You are clearly having doubts and can see that this is not a relationship that makes you happy. Take a break - stay at your own place for a weekend. Enjoy the freedom. And then split up with him.

all of this. well said.

KettrickenSmiled · 17/11/2022 15:06

OP - I mean this gently, it's not said to scold you in any way - but ... you are NOT DD's stepmother. You have been dating your partner for 2 years & do not live together. She's your partner's child, you are not - & should not be expected to! - be in any parental role toward her.

How convenient that your partner made time for you until he had to positioned to take up his slack. He decided he wanted to work longer hours to save money. Instead of making childcare arrangements with his ex or a paid third party ... he just expected you to step in.
He's taking you for a mug.
Deep down you know this is true, because of the intense manipulation & negging he subjects you to if you have the temerity to try to discuss the situation.
He refuses to come to your place & make time for the two of you as a couple. But bitches at you, expects you to parent his DD as if she were yours, while he ... sleeps in late!

As PP have said, he is setting you up.
Do you feel valued, heard, respected?
Nope.

And no - this does not have to be the reality of having a stepchild. With a decent dad, who respects his partner, you can reach happy compromises & he would still make time to prioritise you. Your reality is that your partner is using you.

KettrickenSmiled · 17/11/2022 15:16

Have you tried talking to him about this?

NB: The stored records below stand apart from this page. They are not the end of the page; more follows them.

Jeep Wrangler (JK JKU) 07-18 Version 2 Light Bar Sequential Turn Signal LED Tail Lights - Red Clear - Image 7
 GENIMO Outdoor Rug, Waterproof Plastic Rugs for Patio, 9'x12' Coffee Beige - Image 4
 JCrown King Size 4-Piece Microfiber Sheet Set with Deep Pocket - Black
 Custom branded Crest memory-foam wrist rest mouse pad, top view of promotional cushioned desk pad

I have. This is called creating problems. He says I'm at home anyway so why wouldn't I want to watch her? She is polite, easygoing and also loves spending time with me so she won't be a burden, I will only need to give her some food, which isn't too much to ask. And I've to appreciate he is working hard and this is for our future.

He is a controlling, manipulative, entitled shit OP. Sorry.
His DD said she would want to say with me instead going back to her mum. He replied it's okay but he will ask her mum if she was happy with it. Mum of course said yes and I was the last person in here who was asked if I wouldn't mind stating with his DD! It was done in front of DD too so I felt I couldn't say no because she would feel rejected and upset and that's the last thing I would want for her.
See? Manipulation.
You know this, & it's good you are posting here for a sense-check. Keep doing so!

I want to spend a weekend alone - I'm told I'm selfish and he feels I want to punish him by withdrawing myself
See? Control.
Also DARVO - the standard refuge of the unreasonable twat -
www.banyantherapy.com/darvo/

That's why I feel used and my time taken for granted because well yeah, what else I would want to be doing? I should drop everything because they want me to. And If I say no, it's me creating problems
See? Entitlement.

I don't think you need to LTB over his DD. I think you need to LTB because he's a shit, & you need time to find yourself again.

WhereYouLeftIt · 17/11/2022 15:37

Haloweensmile · 17/11/2022 09:28

I have. This is called creating problems. He says I'm at home anyway so why wouldn't I want to watch her? She is polite, easygoing and also loves spending time with me so she won't be a burden, I will only need to give her some food, which isn't too much to ask. And I've to appreciate he is working hard and this is for our future.

For the love of God, ditch this manipulative arsehole! Today! He's a user. Don't be used.